### [Problem details]
Only an exact repeat of the listing, without its images, counts as the answer.

(Information supplied Opens)

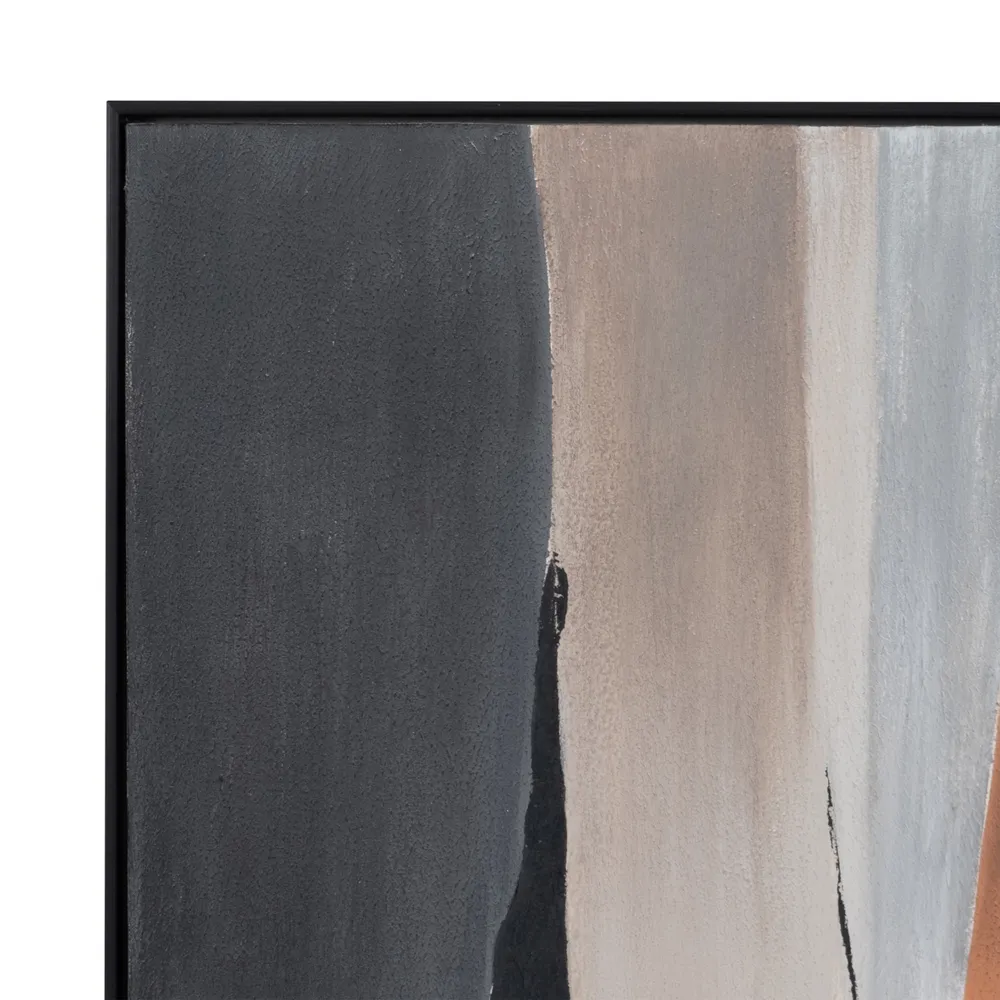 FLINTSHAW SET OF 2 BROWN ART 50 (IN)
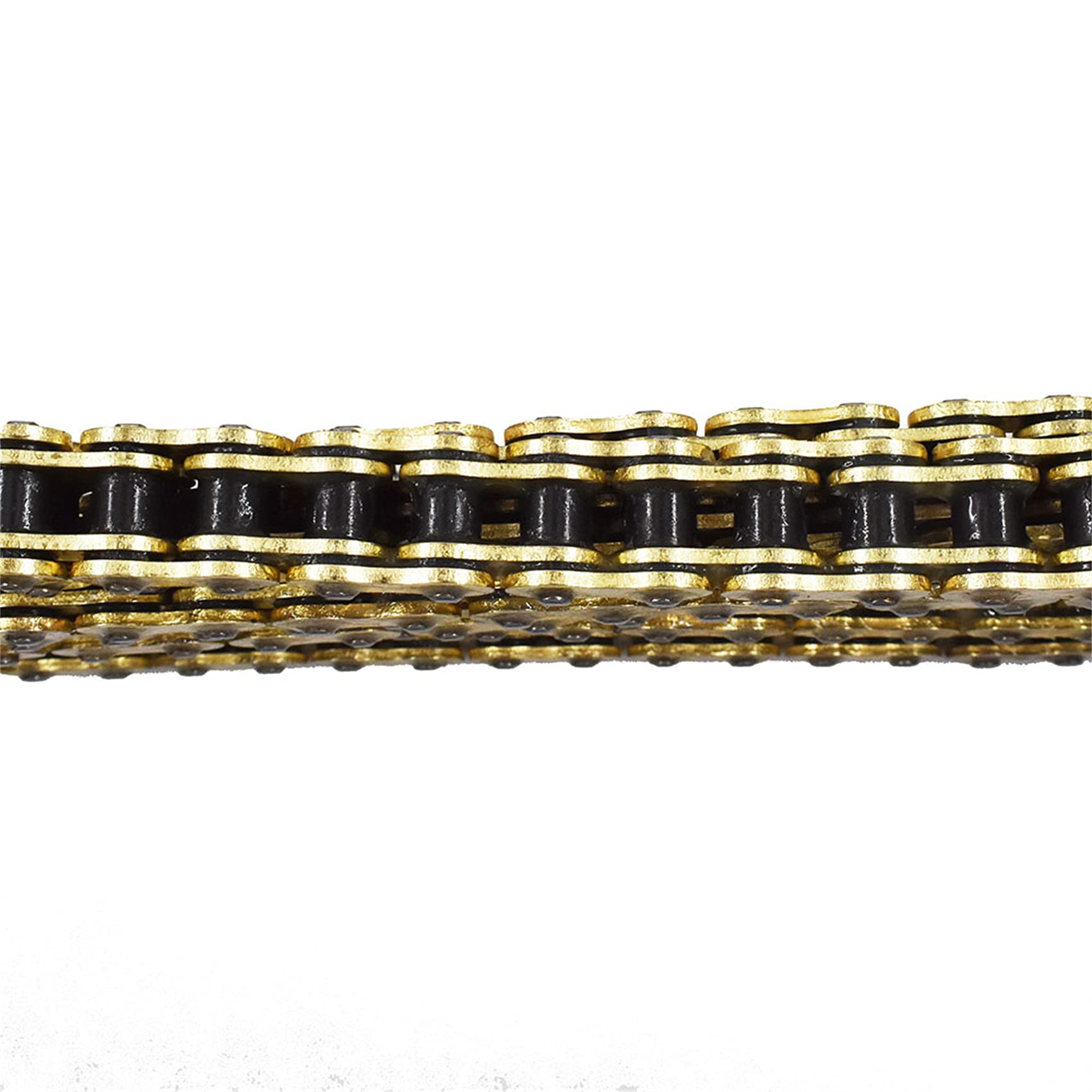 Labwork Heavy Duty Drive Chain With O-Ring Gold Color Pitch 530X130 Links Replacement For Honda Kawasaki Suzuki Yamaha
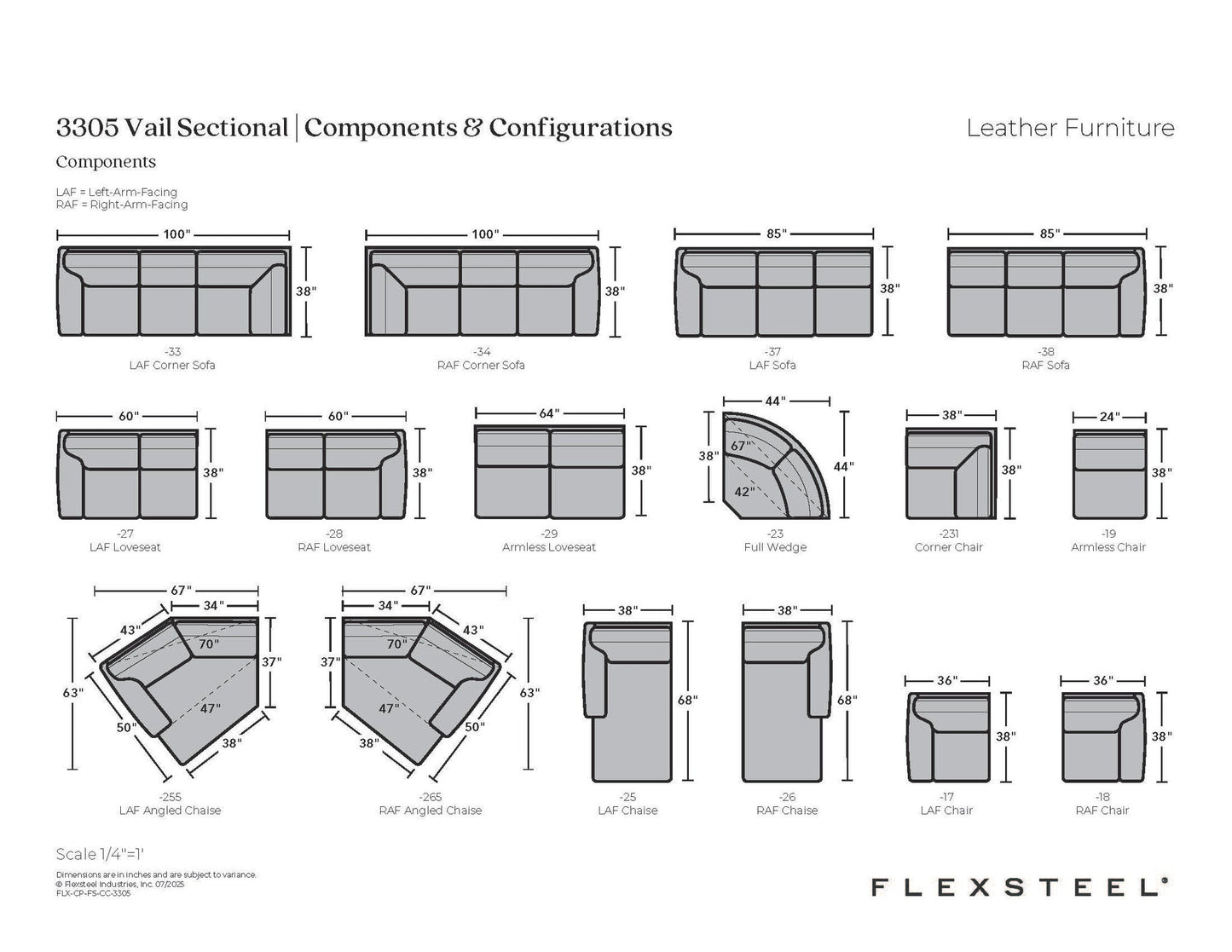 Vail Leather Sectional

(Information supplied Closes)

### [Response area]
 FLINTSHAW SET OF 2 BROWN ART 50 (IN)
 Labwork Heavy Duty Drive Chain With O-Ring Gold Color Pitch 530X130 Links Replacement For Honda Kawasaki Suzuki Yamaha
 Vail Leather Sectional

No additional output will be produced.